What to Make of the Microsoft-Is-Falling-And-It-Can’t-Get-Up Meme - bensummers
http://kara.allthingsd.com/20100622/what-to-make-of-the-microsoft-is-falling-and-it-cant-get-up-meme/

======
endtime
I sort of roll my eyes at it. Bing is actually pretty innovative, I love
Office 2010 (Outlook gets threading right, IMO), I'm tentatively excited about
Windows Phone 7 (uncool as that may be), and I can't wait to let Kinect smell
my bones. Plus, all that boring enterprise crap like Sharepoint is basically a
license to print money.

That Apple and Google are doing well isn't really a threat to Microsoft. Tech
isn't a zero-sum industry.

------
InclinedPlane
It's more I think a recognition that MS has transitioned into a value company.
Some _parts_ of MS are still very innovative, but at the most fundamental
levels (management direction, company culture, etc.) MS seems to have reached
a tipping point. It's too soon to tell whether that zeitgeist fully represents
reality, but it's coming from both outside and inside the company.
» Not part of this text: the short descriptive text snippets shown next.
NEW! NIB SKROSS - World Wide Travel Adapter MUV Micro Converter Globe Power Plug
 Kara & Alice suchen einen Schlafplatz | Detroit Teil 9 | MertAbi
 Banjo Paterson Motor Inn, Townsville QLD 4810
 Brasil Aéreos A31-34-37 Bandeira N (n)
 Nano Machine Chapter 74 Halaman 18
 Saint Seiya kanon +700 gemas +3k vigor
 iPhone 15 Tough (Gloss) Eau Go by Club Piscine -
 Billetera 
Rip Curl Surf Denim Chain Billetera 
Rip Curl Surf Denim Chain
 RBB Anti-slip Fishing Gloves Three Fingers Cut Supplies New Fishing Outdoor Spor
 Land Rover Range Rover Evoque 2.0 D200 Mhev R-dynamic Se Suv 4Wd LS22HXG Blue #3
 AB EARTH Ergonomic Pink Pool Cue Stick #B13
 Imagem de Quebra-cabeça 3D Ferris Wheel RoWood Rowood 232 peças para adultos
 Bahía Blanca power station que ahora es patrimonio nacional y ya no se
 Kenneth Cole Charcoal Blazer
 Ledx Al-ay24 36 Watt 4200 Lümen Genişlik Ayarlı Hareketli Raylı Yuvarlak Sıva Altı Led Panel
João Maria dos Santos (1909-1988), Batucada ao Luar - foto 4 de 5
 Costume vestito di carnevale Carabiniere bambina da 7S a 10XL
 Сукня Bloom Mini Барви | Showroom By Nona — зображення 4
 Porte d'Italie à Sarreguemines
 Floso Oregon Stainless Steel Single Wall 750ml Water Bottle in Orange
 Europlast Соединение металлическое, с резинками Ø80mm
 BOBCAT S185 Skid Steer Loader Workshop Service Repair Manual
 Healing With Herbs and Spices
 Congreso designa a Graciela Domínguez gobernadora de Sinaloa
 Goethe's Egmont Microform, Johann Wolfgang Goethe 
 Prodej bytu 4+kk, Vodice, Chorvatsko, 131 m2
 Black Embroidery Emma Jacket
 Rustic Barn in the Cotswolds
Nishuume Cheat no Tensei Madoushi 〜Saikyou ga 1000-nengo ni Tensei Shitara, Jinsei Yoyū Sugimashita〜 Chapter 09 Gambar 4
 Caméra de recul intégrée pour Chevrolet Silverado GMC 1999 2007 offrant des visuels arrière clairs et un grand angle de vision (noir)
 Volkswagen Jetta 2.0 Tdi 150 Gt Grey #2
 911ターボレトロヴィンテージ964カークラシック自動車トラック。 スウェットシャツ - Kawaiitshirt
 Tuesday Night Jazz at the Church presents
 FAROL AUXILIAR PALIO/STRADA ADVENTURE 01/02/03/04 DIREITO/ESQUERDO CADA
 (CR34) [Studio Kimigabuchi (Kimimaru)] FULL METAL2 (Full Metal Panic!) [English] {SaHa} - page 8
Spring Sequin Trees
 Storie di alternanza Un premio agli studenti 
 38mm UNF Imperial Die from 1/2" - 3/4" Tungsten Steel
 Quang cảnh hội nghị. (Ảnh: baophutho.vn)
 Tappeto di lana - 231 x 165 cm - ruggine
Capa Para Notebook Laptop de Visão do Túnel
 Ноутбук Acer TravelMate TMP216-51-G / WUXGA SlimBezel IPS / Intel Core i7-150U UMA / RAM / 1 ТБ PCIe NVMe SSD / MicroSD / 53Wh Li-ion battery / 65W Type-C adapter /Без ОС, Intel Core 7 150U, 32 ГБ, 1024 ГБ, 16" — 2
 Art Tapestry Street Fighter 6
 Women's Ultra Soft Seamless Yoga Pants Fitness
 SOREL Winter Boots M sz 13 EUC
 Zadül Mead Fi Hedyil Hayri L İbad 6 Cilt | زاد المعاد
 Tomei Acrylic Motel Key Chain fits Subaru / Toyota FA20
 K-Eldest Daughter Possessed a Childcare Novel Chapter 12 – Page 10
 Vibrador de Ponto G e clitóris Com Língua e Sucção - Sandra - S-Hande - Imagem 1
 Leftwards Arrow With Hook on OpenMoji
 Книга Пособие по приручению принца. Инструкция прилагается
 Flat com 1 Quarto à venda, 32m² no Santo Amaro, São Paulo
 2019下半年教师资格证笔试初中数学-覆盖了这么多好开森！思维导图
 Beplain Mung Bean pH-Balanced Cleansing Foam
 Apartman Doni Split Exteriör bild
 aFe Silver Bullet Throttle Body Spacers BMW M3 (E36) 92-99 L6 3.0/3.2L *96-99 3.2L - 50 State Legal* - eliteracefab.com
Granted, the result of this transition isn't that MS suddenly goes out of
business tomorrow, that's not going to happen. Instead, the result is that MS
slowly slides down the hill into senescence. MS slowly bleeds away more and
more talent as the corporate culture becomes more bureaucratic. MS continues
to miss key opportunities and become left out of more and more new markets. MS
loses the cachet of being a cutting edge company, etc. Worst case scenario: MS
misses the boat on disruptive events that destroy its core revenue streams
(e.g. enterprise computing). More likely scenario: MS turns into another Sony
or IBM.

This isn't the worst thing in the world, but this sort of thing happens. For
people who are really passionate about this industry it's the equivalent of
seeing one of your favorite hard core metal bands turn into a vegas act. It's
disconcerting and disappointing.